• What to do: An exact transcription of all the records, free of pictures, is the expected answer.

★ ★ ★ ★

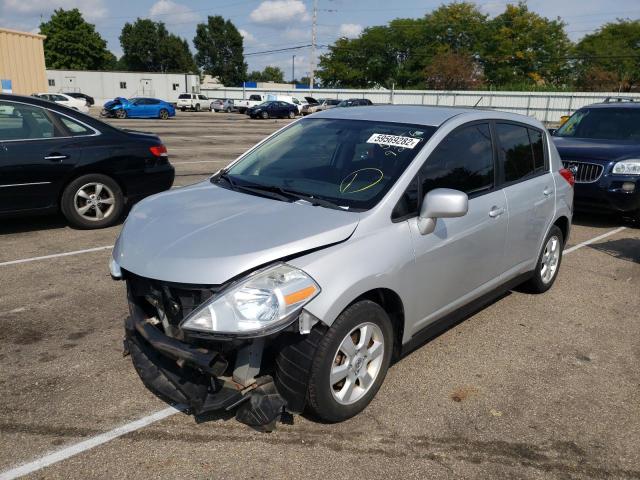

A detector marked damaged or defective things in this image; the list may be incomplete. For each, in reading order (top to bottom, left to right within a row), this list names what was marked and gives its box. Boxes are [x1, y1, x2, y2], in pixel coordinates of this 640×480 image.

crumpled hood [552, 137, 640, 161]
crumpled hood [114, 182, 360, 284]
broken headlight assembly [180, 262, 320, 338]
damaged silver hatchback [111, 107, 576, 430]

★ ★ ★ ★

• Final answer:
A detector marked damaged or defective things in this image; the list may be incomplete. For each, in reading order (top to bottom, left to right within a row), this list names what was marked and gives its box. Boxes are [x1, y1, x2, y2], in pixel coordinates of this 640×480 image.

crumpled hood [552, 137, 640, 161]
crumpled hood [114, 182, 360, 284]
broken headlight assembly [180, 262, 320, 338]
damaged silver hatchback [111, 107, 576, 430]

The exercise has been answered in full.